What is my real problem though? It’s not materialism because I have never been that way, when silly Kelly Osborne recently stated that Royalty should wear new clothes every time they appear in public, I burst out laughing at her stupid, silly, spoilt , rich girl rant. Only a chav, or a spoilt rich girl would come out with that shit. Don’t get annoyed not all chavs and rich girls are divs, far from it.
My problem is that in trying to achieve my dream I thought it would be as easy as my dreams, my rich imagination comes in to play here, when I was a little girl and would watch the old black and white films, the main characters in the film that were studying or wanted to make it big on Broadway would work in cafe’s all day and study at night, poor and barely surviving, nearly starving, you would see them in their grotty digs, studying by gas light and after twenty minutes they would be the star of the show and you knew that all that studying came through for them in the end.
Of course when you are actually living that life it really is three or four years at most and not the Hollywood twenty minutes, yes I have done the washing pots, washing toilets, read by street light late at night, bitten my finger nails down to the quick, had massive explosions and finally sobbed myself to sleep with that horrible feeling of dread in my stomach that I have made a terrible mistake.

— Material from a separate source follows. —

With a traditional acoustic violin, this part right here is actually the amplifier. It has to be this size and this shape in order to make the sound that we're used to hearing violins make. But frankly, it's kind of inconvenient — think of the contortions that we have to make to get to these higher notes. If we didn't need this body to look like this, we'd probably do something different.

Thing is of course I haven’t, Paul Bell is a Labour councillor for the Telegraph Hill Ward and he was actively involved in the campaign to save the five libraries that were due to be closed down in the Lewisham Area (he thinks I’m good) . I have been asked by another Councillor to help with her campaign in the next local elections as she thinks I’m very good at my job. I have met all sorts of people who I could never in a million years have thought that one day I would be mixing with.

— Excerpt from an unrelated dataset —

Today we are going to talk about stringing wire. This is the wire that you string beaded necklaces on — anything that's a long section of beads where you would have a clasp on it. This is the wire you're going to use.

To achieve my dream I have to do loads of voluntary work, yep working really hard for nothing, except of course the experience is invaluable, I have given my work away, I record my audio and put it on to a site that is the equivalent of Facebook for Sound, ‘Audioboo.com’. Because of my tenacity I have become noticed and hopefully I will achieve my dream of working with audio.
It has become quite embarrassing to keep bumping into the Mayor and saying in my good girl voice, “Hello Steve” People in my local community who are now used to seeing me on the streets with my recorder now come up to me and say ” Oh you work in radio?” I’m all proud and say poshly YAAA, ha ha . I help out at Sydenham Community Radio.
Please let me get a good paid job soon and let my dreams come true, but most of all, please keep me grounded and never forget where I have come from and how hard it has been. My confidence and my little girl inside have both grown up together in the last three years and I never want to let the both of them down.
So come on Goldsmith’s where I will study for my M.A in September and will be horrendously poor for another year, but boy it will be worth it.